YOUR SOLIN GENERATED RECIPE
Seared Salmon Fillet with Steamed Asparagus and Brown Rice
Pan-seared salmon fillet served with tender steamed asparagus and fluffy brown rice, finished with a bright squeeze of zesty lemon.
INGREDIENTS
8.5 oz Pink Salmon Fillet
1 cup Asparagus
1/4 cup Cooked Brown Rice
1 tsp Extra Virgin Olive Oil
1 tbsp Lemon Juice
PREPARATION
Pat the salmon fillet dry with a paper towel and season both sides with sea salt and cracked black pepper.
Heat the olive oil in a non-stick skillet over medium-high heat until shimmering.
Place the salmon skin-side down in the pan and sear for 4-5 minutes until the skin is golden and crisp.
Flip the fillet and cook for an additional 2-3 minutes until the fish is opaque and flakes easily.
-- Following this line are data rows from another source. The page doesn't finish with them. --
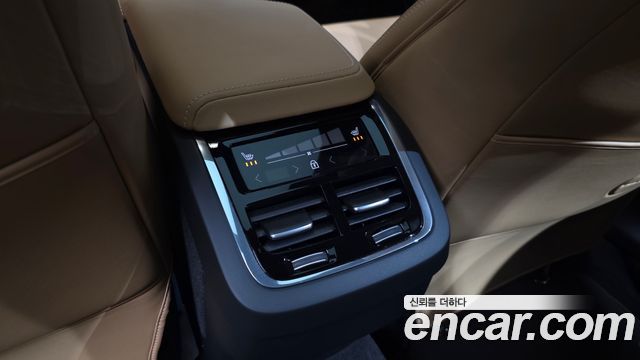 Volvo XC60 2025 — photo 25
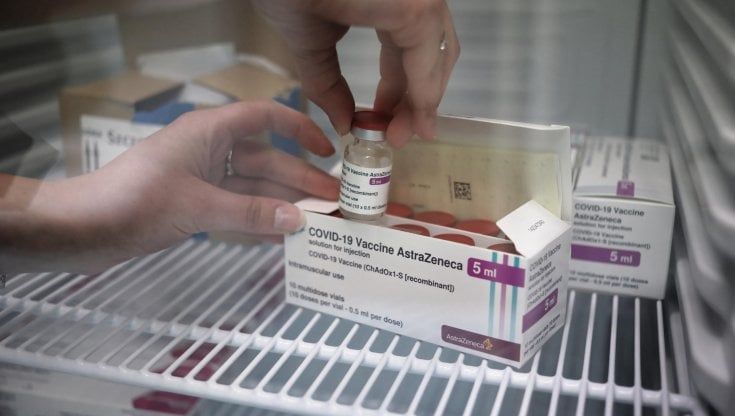 Morto tre giorni dopo il vaccino AstraZeneca, la procura dispone l'estumulazione della salma e l'autopsia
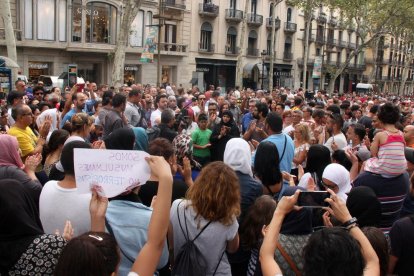 Desenes de musulmans van manifestar-se a Barcelona condemnant els atacs.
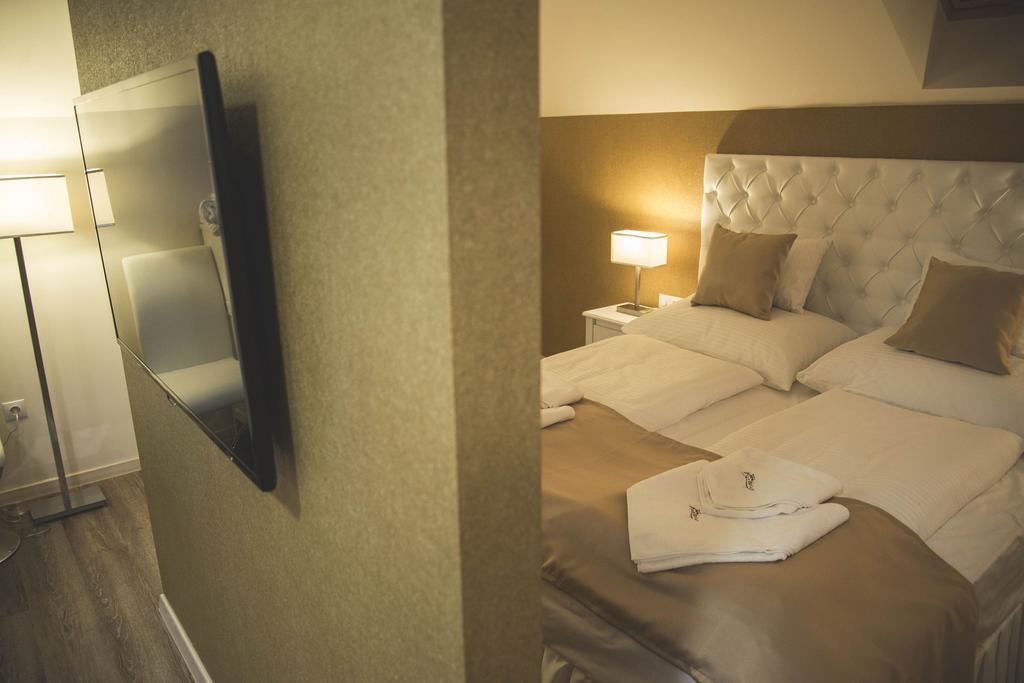 Munkacsy Hotel Bekescsaba Room photo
While the salmon cooks, place the asparagus in a steamer basket over boiling water and steam for 4-5 minutes until bright green and tender-crisp.
Warm the pre-cooked brown rice in a small saucepan or microwave until steaming.
Plate the salmon next to the rice and asparagus, drizzling the entire dish with fresh lemon juice for a vibrant finish.